Au-delà de partir à l’aventure, ton leitmotiv, c’est de documenter et transmettre les changements qui s'opèrent sur notre planète. Un peu comme les marins qui sillonnent les océans, vous en êtes les premiers témoins quand vous allez dans des espaces reculés ?

Ce qu'on fait avec nos expéditions, notamment avec la glaciologue Heïdi Sevestre, c’est de travailler avec des instituts de recherche scientifique et d'aller dans des endroits où les scientifiques ne vont jamais. L’Antarctique, c’est gigantesque, cela fait 25 fois la taille de la France. Le récit qu’on fait de nos aventures dans les médias ou sur les réseaux sociaux est une porte d’entrée accessible pour parler des milieux polaires un peu oubliés. C’est une manière aussi de relayer les alertes de la communauté scientifique là où les rapports, comme ceux du GIEC par exemple, peuvent sembler arides et difficiles d'accès pour le grand public. À travers les belles histoires humaines, on rend accessible la matière scientifique et on sensibilise par l’émotion.
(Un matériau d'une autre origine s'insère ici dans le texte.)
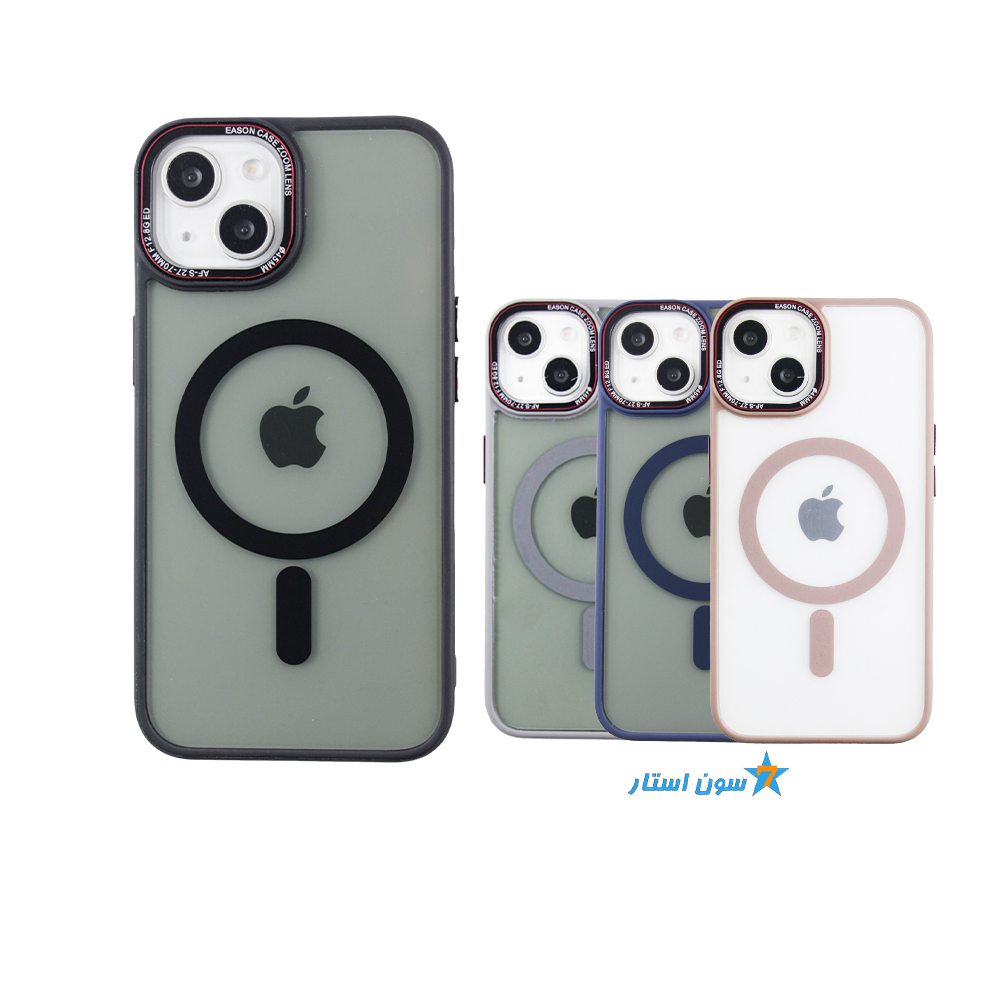قاب طلقی مگسیف دار دور سیلیکونی آیفون 15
À quel moment as-tu pris conscience du changement climatique, que la planète ne va pas aussi bien qu’elle devrait ?

On en a tous conscience depuis longtemps, mais il y a eu un élément déclencheur quand j’ai rallié le pôle Sud à skis. C’était un défi personnel, quelque chose que je faisais vraiment pour moi. Tout était bien préparé, chronométré et mesuré, sauf que, lors des premières semaines de mon aventure, il a fait extrêmement chaud. Une canicule inédite régnait sur l'Antarctique avec des températures 20°C au-dessus des normales de saison. Je pouvais tirer mon traîneau en t-shirt, il faisait environ 0°C alors que d'habitude, le thermomètre affiche entre -20°C et -25°C. Là, j’ai réalisé, concrètement, ce que le dérèglement climatique pouvait provoquer.

Matthieu Tordeur en expédition en Antarctique
Matthieu Tordeur en Antarctique

Comment cela s’est-il traduit pour toi ?

Ces températures élevées se sont accompagnées de chutes de neige très importantes, j’avais 20-30 cm de poudreuse et ça me ralentissait considérablement avec mon traîneau qui pesait 115 kg au départ. Je ne faisais seulement que 8 ou 9 kilomètres par jour, je n'avançais plus dans cette neige molle. Vivre ça, appréhender cet impact si important et pourtant si loin de toute activité humaine, m'a beaucoup questionné. À mon retour, je me suis dit que j'avais une forme de responsabilité de témoigner de cet épisode. Ce fut le moment fondateur de mon engagement écologique. Je ne suis pas un scientifique, mais je crois qu'on a besoin de témoins, d’ambassadeurs. Les milieux polaires sont des régulateurs du climat, des climatiseurs en quelque sorte. Ce sont eux qui ont une influence directe sur l'élévation du niveau des mers. Ignorer ce qui s'y passe, c'est une erreur.

Et quel autre souvenir en gardes-tu ? 

J’ai le souvenir de cette communion avec les éléments et la nature. C’est ce qui nous unit aussi avec les marins, on s'en remet un petit peu à ça. On essaye de composer avec les tempêtes, avec les accalmies, on est en autonomie aussi.

Pour finir, on nous a glissé que tu es un grand fan de Tintin. De toutes ses aventures, il n'a jamais fait de transatlantique.  Penses-tu qu’il aurait aimé traverser l'océan ?

Tintin, il a construit mon univers de petit garçon, il a été le point de départ de mes aventures. Je suis sûr que ça lui aurait bien plu de traverser l’Atlantique. Bien sûr, ils auraient eu de nombreuses galères. Le capitaine Haddock aurait été capable d’enflammer la grand-voile, ils auraient dû se débrouiller. Mais Tintin et le professeur Tournesol auraient sans aucun doute trouvé la solution pour réussir à rejoindre la Terre.